BEGIN GIVEN INFORMATION

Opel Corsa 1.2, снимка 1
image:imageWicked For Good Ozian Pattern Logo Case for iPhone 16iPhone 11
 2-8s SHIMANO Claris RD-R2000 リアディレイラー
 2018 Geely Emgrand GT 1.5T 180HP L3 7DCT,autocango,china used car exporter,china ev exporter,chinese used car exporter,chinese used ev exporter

END GIVEN INFORMATION

(PROBLEM DESCRIPTION) Everything from the line that has "2-8s SHIMANO Claris RD-R2000 リアディレイラー" to the final line above should be retyped exactly, and nothing else.

(TASK SOLUTION)
 2-8s SHIMANO Claris RD-R2000 リアディレイラー
 2018 Geely Emgrand GT 1.5T 180HP L3 7DCT,autocango,china used car exporter,china ev exporter,chinese used car exporter,chinese used ev exporter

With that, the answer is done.